2-7
「ねえ、着物着ていったほうがいいかな」
「一人で着れるの」
「そうだよね」
「それよりもカオル、着物なんて持ってた」
「そうか」
タカシは雑煮の餅をかじりながら、相変わらずカオルらしいと思った。
「どうしてもユキさんのこと考えちゃうんだよね」
「たしかにユキさんは着物似合そうだね」
「タカシぐらい休みがあればなあ」
「実家に帰るとかしないの」
「今さら帰っても、驚かれて迷惑がられるだけだから」
「お母さん一人でさびしくないの」
「妹が近くにいるから」
「えっ、タカシ妹さんがいるの」
「言わなかった」
タカシはそう言いながら、おたがい知らぬ者同士ってことかと思った。それならそれでもいいし、こんなところで生きていくには好都合なのかもしれない。
「妹のダンナが婿に入ったようなもんだよ」
「そうなんだ」
カオルはそれでも家族がいることがうらやましく思えた。自分はいつ誰と家族になるのだろう。

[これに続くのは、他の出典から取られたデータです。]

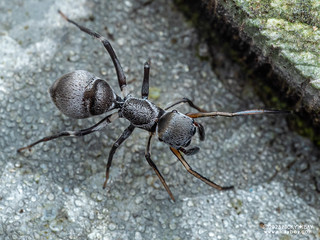 Ant-mimic jumping spider (Myrmaplata wanlessi) - P6020841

「ユキさん、意外とカジュアルだったって言ってなかった」
「あの時はね」
「オレもスーツじゃない方がいいのかな。会社に行くみたいだし」
「それじゃ何着ていくの」
「そこなんだよね」
タカシは雑煮の汁を飲み干した。カオルは料理が上手い。でもそれを知っている人って何人くらいいるのかな。